The VM has to be able to cope with both types of functions as
invocable things but there is an interesting reality-warping
difference: *primitives* are instantaneous (mostly).  So far as the VM
is concerned, the moment a *primitive* is called the answer is back in
its hands.

.. _primitives:

Primitives
==========

Primitives are far harder to conceptualise and implement.  So we'll
start with them.

VM Usage
--------

Rather than working from the bottom up let's ask the question, what
does the VM need?

Well, it'll want to know this is a primitive, we'll need a pointer to
the :lname:`C` function, we'll need to know how many formal parameters
it is expecting and whether it is expecting a variable number of
parameters, over and above the formal parameters.

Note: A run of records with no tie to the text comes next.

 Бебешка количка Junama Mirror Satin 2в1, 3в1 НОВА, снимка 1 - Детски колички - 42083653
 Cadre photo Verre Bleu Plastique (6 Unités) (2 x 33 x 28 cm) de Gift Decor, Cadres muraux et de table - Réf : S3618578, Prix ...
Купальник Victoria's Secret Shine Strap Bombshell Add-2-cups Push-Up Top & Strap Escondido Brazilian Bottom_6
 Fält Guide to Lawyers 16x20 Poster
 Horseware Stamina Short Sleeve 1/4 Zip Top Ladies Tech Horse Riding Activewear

And we can probably chuck in a :lname:`C` string for a name:

.. code-block:: c
   :caption: gc.h

   typedef struct idio_primitive_s {
       struct idio_s *grey;
       struct idio_s *(*f) ();		 /* don't declare args */
       char *name;
       uint8_t arity;
       char varargs;
   } idio_primitive_t;

   #define IDIO_PRIMITIVE_GREY(P)       ((P)->u.primitive->grey)
   #define IDIO_PRIMITIVE_F(P)          ((P)->u.primitive->f)
   #define IDIO_PRIMITIVE_NAME(P)       ((P)->u.primitive->name)
   #define IDIO_PRIMITIVE_ARITY(P)      ((P)->u.primitive->arity)
   #define IDIO_PRIMITIVE_VARARGS(P)    ((P)->u.primitive->varargs)

As the comment notes, we don't declare any arguments for the
:lname:`C` function pointer as that will vary from primitive to
primitive.

I've limited the number of formal parameters, ``arity``, to 255.  That
*should* be OK for most people.  In practice, you need to edit
``idio_vm_invoke()`` in :file:`src/vm.c` to have more than five formal
parameters.

``varargs`` is a boolean and could, perhaps, should, be a
type-specific flag.  *\*shrugs\**

I've skipped how one of these is created.  That's a complication we
can come back to.

.. rst-class:: center

\*

The actual function *call* needs to gather together the arguments to
be able to say, broadly, for a binary function:

.. parsed-literal::
   :name: ``idio_vm_invoke()`` in :file:`src/vm.c`

   result = (IDIO_PRIMITIVE_F (prim)) (*arg1*, *arg2*, *args*);

The arguments will have been marshalled up by the VM ready for a
generic function call, actually, marshalled up for a *closure* call.
For a *primitive* we have to un-marshall them with :samp:`{args}`
being the remaining arguments beyond the formal ones.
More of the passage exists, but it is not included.